It is easy to do each one individually by hand with the pdf snapshot tool. Do any pdf libraries or programs have any tools that let you make image snapshots programmatically, not of whole pages, but of individual equations that are marked somehow with an annotation?
For the purposes of the question, they don't necessarily have to be free programs.
Thanks.

I came up with a full ruby based solution here, using the ruby gems pdf-reader and rmagick (along with an installation of imagemagick).
require 'pdf-reader'
require 'RMagick'
pdf_file_name='statmech' #without extension
doc = PDF::Reader.new(File.expand_path(pdf_file_name+".pdf"))
$objects = doc.objects
def convertpagetojpgandcrop(filename,pagenum,croprect,imgname)
pagename = filename+".pdf[#{pagenum-1}]"
#higher density used for quality purposes (otherwise fuzzy)
pageim = Magick::Image.read(pagename){ |opts| opts.density = 216}.first
#factors of 3 needed because higher density TODO: generalize to pdf density!=72
#SouthWestGravity puts coordinate origin in bottom left to match pdf coords
eqim =pageim.crop(Magick::SouthWestGravity,...
3*croprect[0],3*croprect[1],3*croprect[2]-3*croprect[0],3*croprect[3]-3*croprect[1])
eqim.write(imgname)
end
def is_square?(object)
object[:Type] == :Annot && object[:Subtype] == :Square
end
def is_highlight?(object)
object[:Type] == :Annot && object[:Subtype] == :Highlight
end
def annots_on_page(page)
references = (page.attributes[:Annots] || [])
lookup_all(references).flatten
end
def lookup_all(refs)
refs = *refs
refs.map { |ref| lookup(ref) }
end
def lookup(ref)
object = $objects[ref]
return object unless object.is_a?(Array)
lookup_all(object)
end
def highlights_on_page(page)
all_annots = annots_on_page(page)
all_annots.select { |a| is_highlight?(a) }
end
def squares_on_page(page)
all_annots = annots_on_page(page)
all_annots.select { |a| is_square?(a) }
end
def restricted_annots_on_page(page)
all_annots = annots_on_page(page)
all_annots.select { |a| is_square?(a)||is_highlight?(a) }
end
#This block exports a jpg for each 'square' annotation in pdf
doc.pages.each do |page|
eqnum=0
all_squares = squares_on_page(page)
all_squares.each do |annot|
eqnum = eqnum+1
puts "#{annot[:Rect]}"
convertpagetojpgandcrop(pdf_file_name,page.number,annot[:Rect],...
pdf_file_name+"page#{page.number}eq#{eqnum}.jpg")
end
end
#This block gives the text of the highlights and wikilinks to the images
#TODO:(needs to go in text file)
doc.pages.each do |page|
eqnum = 0
annots = restricted_annots_on_page(page)
if annots.length>0
puts "# Page #{page.number}"
end
annots.each do |annot|
if is_square?(annot)
eqnum = eqnum+1
puts "{{wiki:#{pdf_file_name}page#{page.number}eq#{eqnum}.jpg}}"
else
puts "#{annot[:Contents]}"
end
end
end
This code expands upon example code for the pdf-reader and rmagick gems found online.
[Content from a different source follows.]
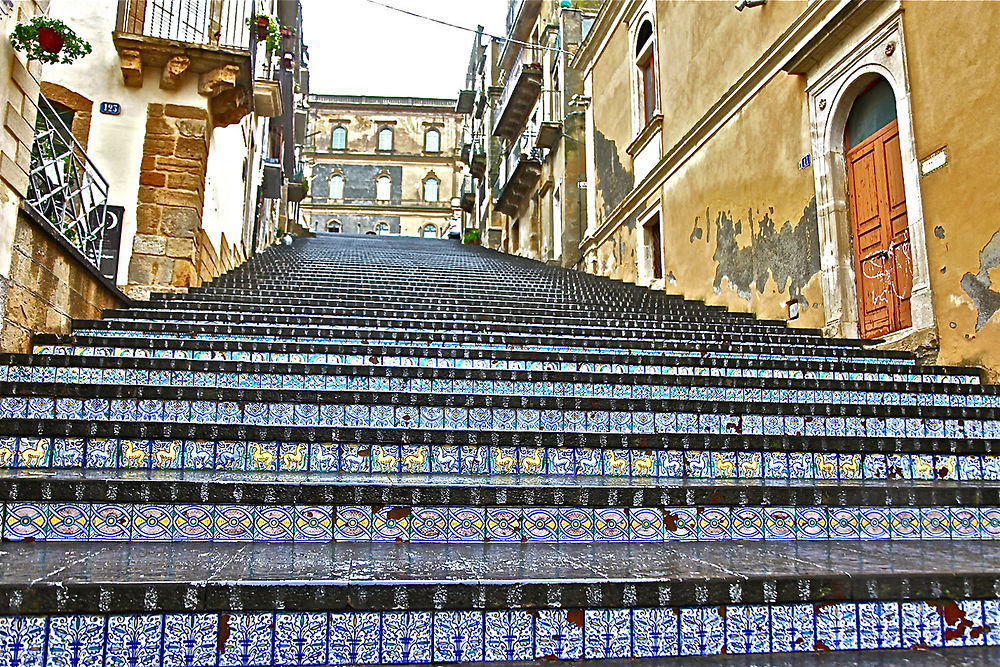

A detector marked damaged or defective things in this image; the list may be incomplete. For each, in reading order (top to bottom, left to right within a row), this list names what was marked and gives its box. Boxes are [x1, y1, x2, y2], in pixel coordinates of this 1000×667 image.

Few of the lines are original.

This code sample uses Amyuni PDF Creator .Net, it will export the page with only one annotation visible at a time:
using System.IO;
using Amyuni.PDFCreator;
using System.Collections;
//open a pdf document
FileStream testfile = new FileStream(filename, FileMode.Open, FileAccess.Read, FileShare.Read);
IacDocument document = new IacDocument(null);
document.SetLicenseKey("your license", "your code");
document.Open(testfile, "");
document.CurrentPageNumber = 1;
IacAttribute attribute = document.CurrentPage.AttributeByName("Objects");
// listobj is an array list of objects
ArrayList listobj = (System.Collections.ArrayList)attribute.Value;
ArrayList annotations = new ArrayList();
foreach (Amyuni.PDFCreator.IacObject iacObj in listobj)
{
if ((bool)iacObj.AttributeByName("Annotation").Value)
{
annotations.Add(iacObj);
// Put the annotation out of sight
iacObj.Coordinates = Rectangle.FromLTRB(
-iacObj.Coordinates.Left,
-iacObj.Coordinates.Top,
-iacObj.Coordinates.Right,
-iacObj.Coordinates.Bottom);
}
else
iacObj.Delete(false);
}
ArrayList images = new ArrayList();
int i = 0;
foreach (Amyuni.PDFCreator.IacObject iacObj in annotations)
{
// Back on sight
iacObj.Coordinates = Rectangle.FromLTRB(
-iacObj.Coordinates.Left,
-iacObj.Coordinates.Top,
-iacObj.Coordinates.Right,
-iacObj.Coordinates.Bottom);
//Draw the page
Bitmap bmp = new Bitmap(1000, 1000);
Graphics gr = Graphics.FromImage(bmp);
IntPtr hdc = gr.GetHdc();
document.DrawCurrentPage(hdc.ToInt32(), true);
gr.ReleaseHdc();
images.Add(bmp);
bmp.Save("c:\\temp\\image" + i + ".pdf");
iacObj.Delete(false); // object not needed anymore
i++;
}
If needed, you can extract the part of the resulting image that corresponds to the annotation by using the Coordinates property of the annotation object.
If you want to extract all objects from a rectangular area (annotations or otherwise) you can replace the loop that collects annotations with a call to the method IacDocument.GetObjectsInRectangle
Usual disclaimer applies

How to get an outline view in sublime texteditor?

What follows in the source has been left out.